In practice, however, I have ~30 possible timeslots and over 100 students, and want to pick, say, five different timeslots for office hours. How do I pick the timeslots which maximise the number of distinct students who can attend?
Solution 1:
In general, this problem is the maximum coverage problem, which is NP-hard, so you're not going to be able to find the optimal solution by any method substantially faster than brute force. (As I mentioned, for a problem of your size, brute force is still feasible.)
However, a modification of your strategy (to choose the timeslots with the highest totals) performs reasonably well.
It doesn't actually make sense to choose all the timeslots with the highest totals immediately: if they all have the same students in them, then this isn't any better than just choosing one of the timeslots. Instead, we can:
- Choose one timeslot with the highest total number of students.

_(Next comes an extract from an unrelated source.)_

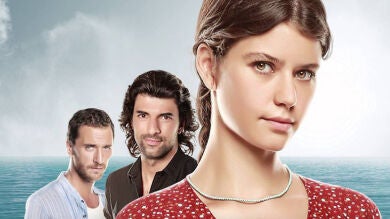 Quién es quién en 'Fatmagül'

- Remove all students that can make it to that timeslot from consideration. Recalculate the totals for the remaining students.

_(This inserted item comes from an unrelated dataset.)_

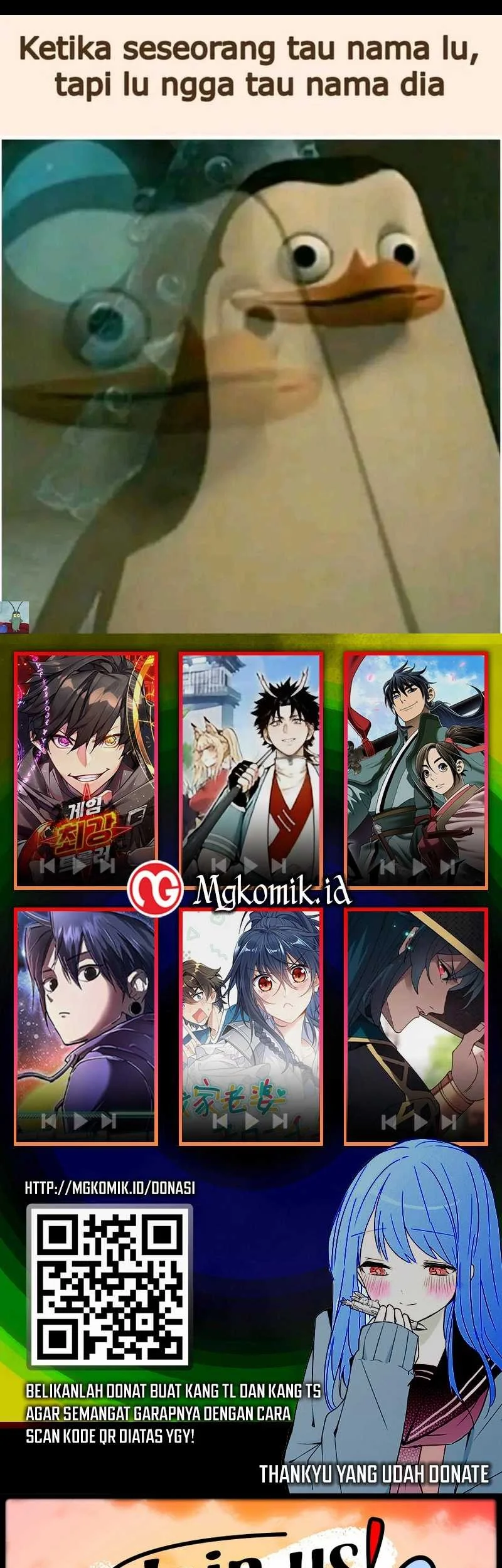 This Villain Has Some Conscience, but Not Much! Chapter 194 Gambar 25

- Repeat steps 1-2 until you have chosen $k=5$ timeslots.
According to the wikipedia article, this algorithm achieves an approximation ratio of $1 - \frac1e$; that is, if you can reach $N$ students with the optimal choice of timeslots, this algorithm will reach at least $(1 - \frac1e)N$ students.
There are other possible approximate solutions out there; for example, there is the big step heuristic, which considers all choices of $p$ timeslots in each step, as opposed to all individual timeslots. (When $p=1$, it is the algorithm above; when $p=k$, it is just brute force.) No fast algorithm has guaranteed performance better than $(1 - \frac1e)N$, but they may perform better in some cases.
Solution 2:
With those numbers, brute force is still feasible. You have 30 choose 5 = 142506 different combinations. I don't think there's any algorithm other than brute force that is guaranteed to get the best solution, but one heuristic would be to arrange the students in sets from least availability to most. Then rank time slots by how many of the least available students they match, then break ties by how many of second lest available, etc. Take the best time slot according to that criteria. Remove all students that can make that time slot, and apply the same algorithm to the remaining time slots and students, and continue until you've reached your maximum number of time slots. In your example, Frank is the least available student, so 11 am, as the only time slot he can make, is the first choice. This leaves Alice, Bob, and Charlotte without a time slot, and of them, Alice is the least available. 9 am and 10 am both accommodate Alice, so you can take either one (although if you take into account students that were removed in previous steps, then 10 am wins).
You can combine the two: use the heuristic until you get to small enough numbers that you're okay with using brute force.
Another heuristic is to look at clustering (is there one set of students that is mostly available in the morning, and another in the evening), and pick time slots in different clusters.
Solution 3:
Practically speaking, simply vary the office hours each week.